What Techniques Ensure Convergence and Differentiation of Power Series?

[asif zaidi]

Hi:

I have 2 questions about Power Series. The 1st one is a h/w problem and the 2nd one is an example from a textbook which I am having difficulty to figure out.

Problem1:
Given a power series g(x) = sum(0 to inf) of x^i/i!. Determine interval of convergence and compute g'(x).

Problem1 Solution:
The 1st part I did - it is from -infinity to +infinity.
To compute g'(x) is it just ix^i-1 /i! ?
If not, please advise.


Problem 2:
This is from Thomas' Calculus textbook on pg 669 (I am paraphrasing)
They are saying that 1/1+x = Sum ( 0 to inf) of (-1)^i * x^i.
Given above we can see that log(1+x) = sum (0 to inf) of (-1)^i * x^i+1 / i+1

Problem 2 Questions
Now this 1st part of the question, I proved as follows and I would like to know if it is right.
Sum (0 to inf) of (-1^i)*x^i = Sum (1 to inf) of (-x^i). This is just a geometric series and it converges 1/1+x if |x| <1. Is this right?
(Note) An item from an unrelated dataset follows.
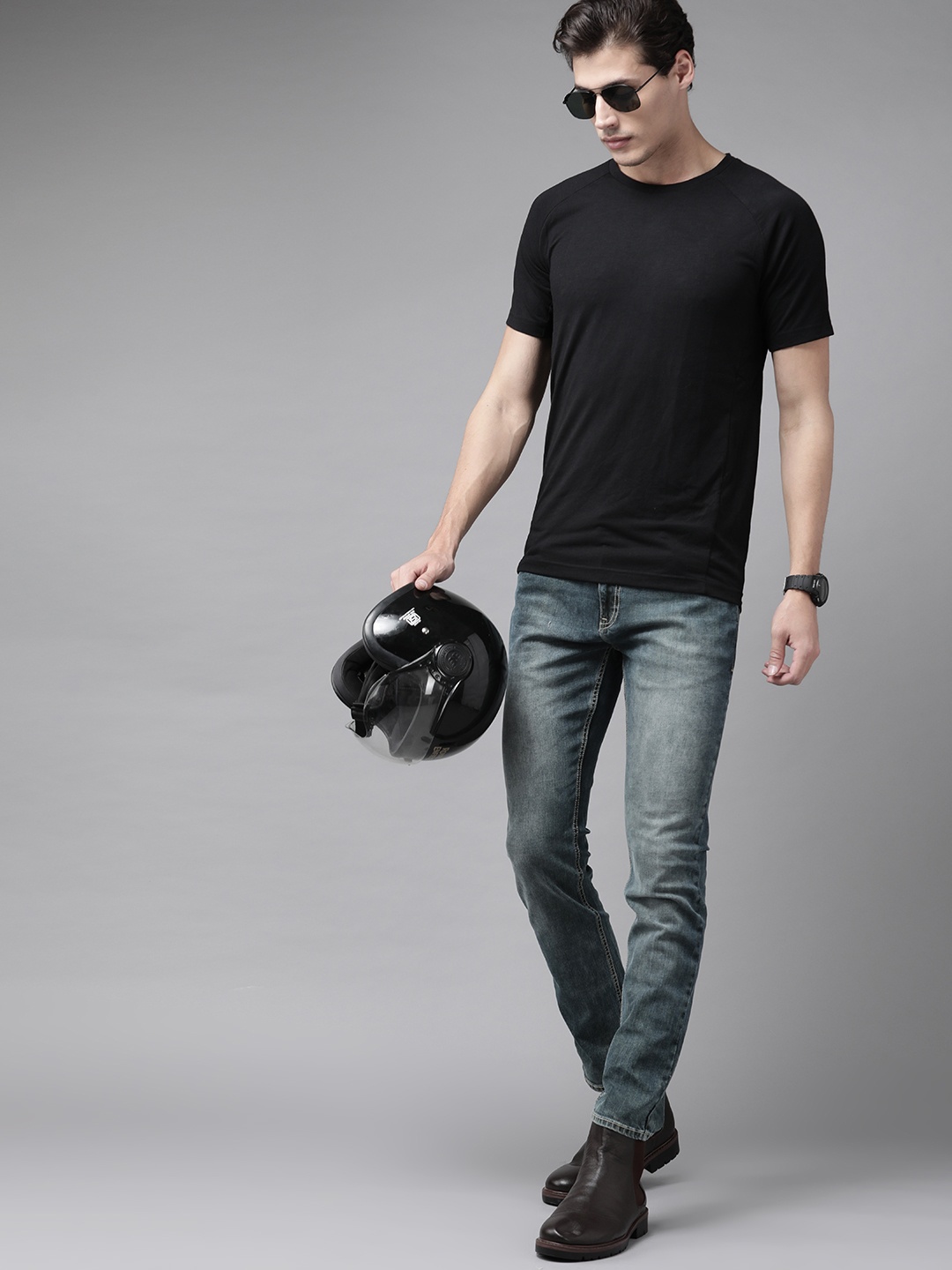 

Roadster Men Navy Blue Skinny Fit Light Fade Stretchable Jeans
For the second part: 1/1+x (given |x| <1): 1-x+x^2-x^3...
If I integrate each term above, I will get it to the series (-1^i)*x^i+1 / i+1. I am not sure about this approach. Would this be a right way of proving it.

 

[Dick]

It all looks fine to me. You should probably use more parentheses, things like x^i+1/i+1 are confusing. x^(i+1)/(i+1) is much nicer.